Command-line Arguments

  • --audio-url: Publicly accessible URL of the audio file to transcribe (required if no input file provided).
  • --input-file: Path to the local audio file to transcribe (required if no URL provided).
  • --config: Path to the configuration file.
  • --context-prompt: Context prompt to guide transcription.
  • --main-language: Main language of the audio (required).
  • --secondary-language: Secondary language of the audio for retry attempts.
  • --num-speakers: Number of speakers to detect (auto-detect if not specified).
  • --dry-run: Estimate costs without processing.
  • --debug: Enable debug logging.
  • --verbose: Enable verbose output.
  • --pyannote-token: Pyannote API token (overrides environment variable).
  • --openai-key: OpenAI API key (overrides environment variable).
  • --model: Specify the OpenAI Whisper model to use (default: "openai/whisper-large-v3", choices: "openai/whisper-large-v3" or "openai/whisper-large-v3-turbo").
  • --output-format: Desired output format(s): text, stj, srt (default: "text").
  • -o, --output: Base path for output files (without extension).

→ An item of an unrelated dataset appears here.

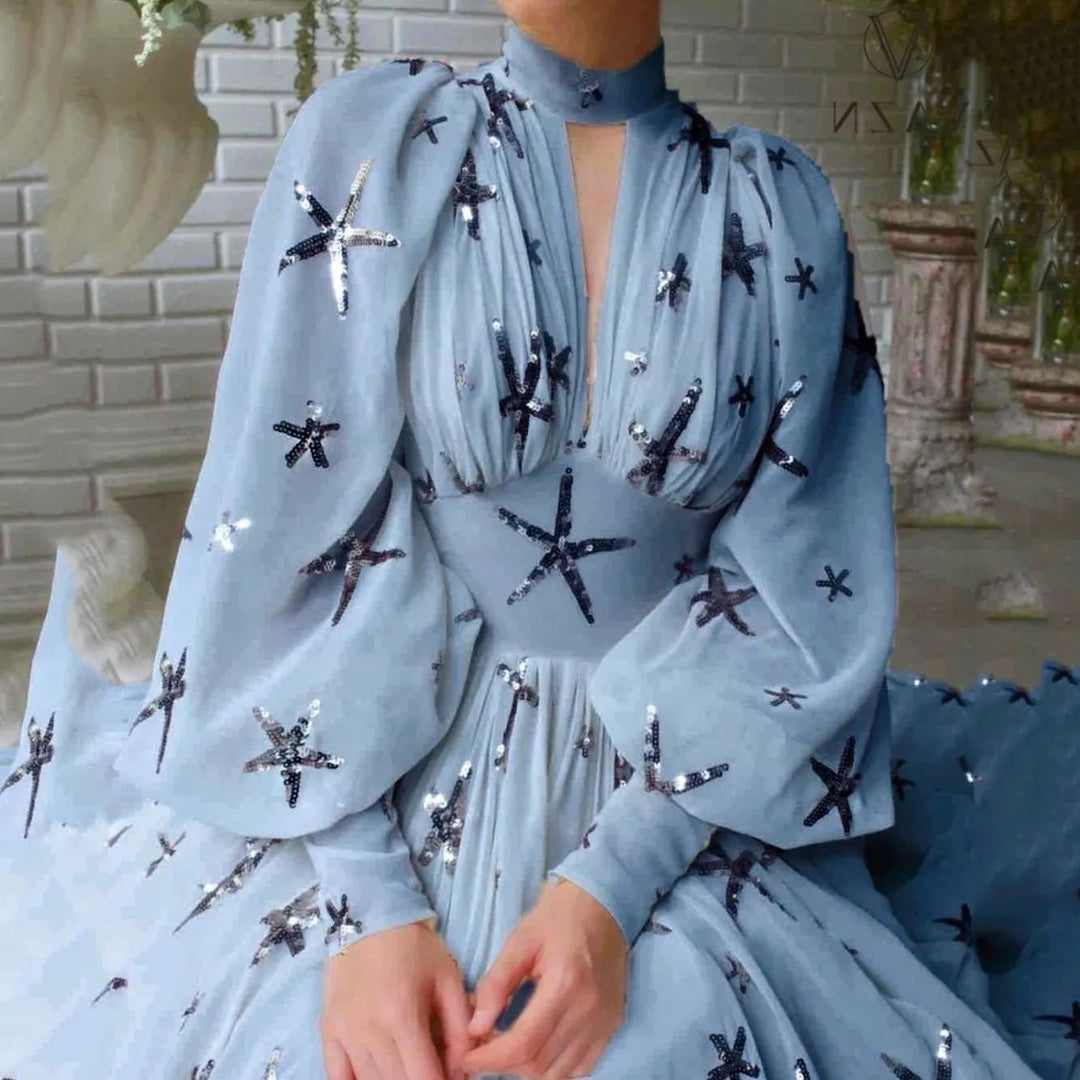 Kvinnors elegant aftondress med praktfull genomskinlighet och glittrande paljetter-Eva Jonsson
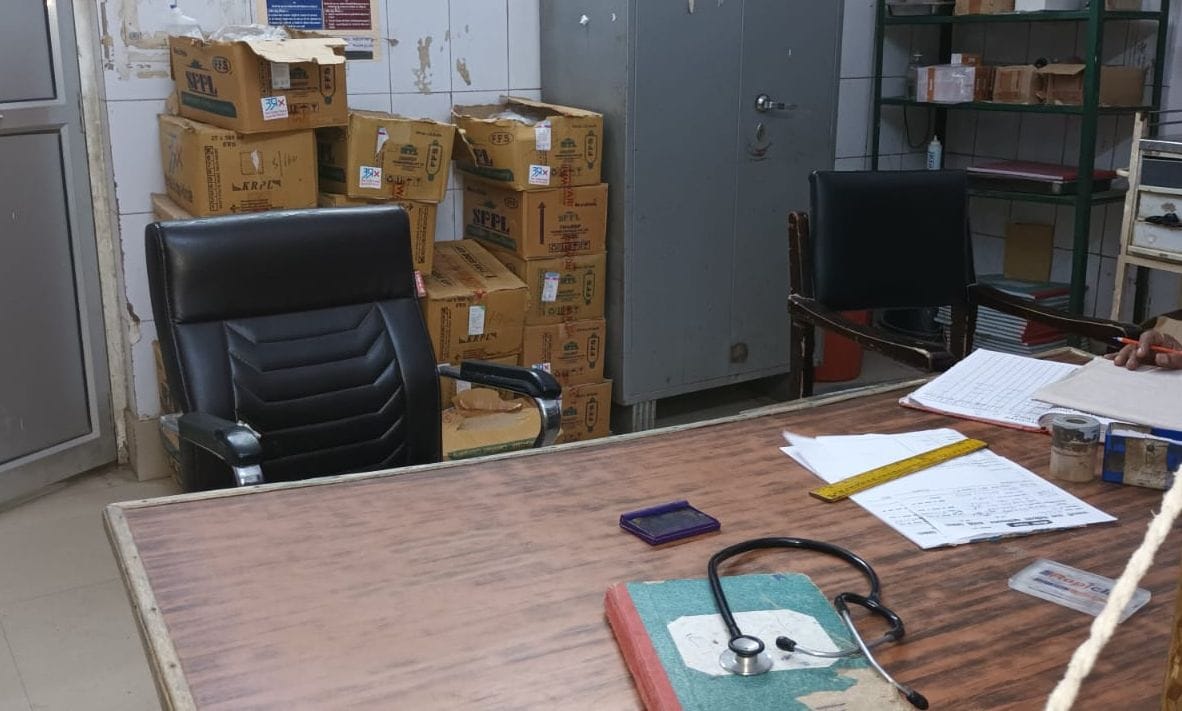 Hardoi, Doctors did not come for three hours in emergency, patients were worried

Note: Either --audio-url or --input-file must be provided, but not both.

For more information about the STJ format, see the STJ Specification.

Testing

YAWT uses pytest for testing. Run the test suite using the following command:

pytest

Ensure that all tests pass before submitting changes.

Contributing

Contributions are welcome. To contribute:

  1. Fork the repository.
  2. Create a new feature branch (git checkout -b feature/YourFeature).
  3. Commit your changes (git commit -m 'Add feature').
  4. Push to the branch (git push origin feature/YourFeature).
  5. Open a Pull Request.

Please ensure that your code follows PEP8 guidelines, and add or update tests as necessary.

License

This project is licensed under the MIT License. See the LICENSE file for details.

Acknowledgments

Special thanks to Lior Atias for allowing the inclusion of our podcast conversation as a test file in this project. The episode is in Hebrew, with intermixed English terms, so --main-language he --secondary-language he :

  • Local test file: samples/multi-lang/podcast - Lior Atias - Executive Summary/Lior Atias - Executive Summary - Oct 22, 2024 - with Yaniv Golan.mp3
  • Original episode: Listen on Spotify

Building Executables

Build for the current platform:

python freeze.py build

The executable will be created in build/ directory with a platform-specific name:

  • macOS ARM: yawt-macos-arm64
  • macOS Intel: yawt-macos-x86_64
  • Linux: yawt-linux-x86_64
  • Windows: yawt-win-x86_64.exe

Note: For best compatibility, build on each target platform separately.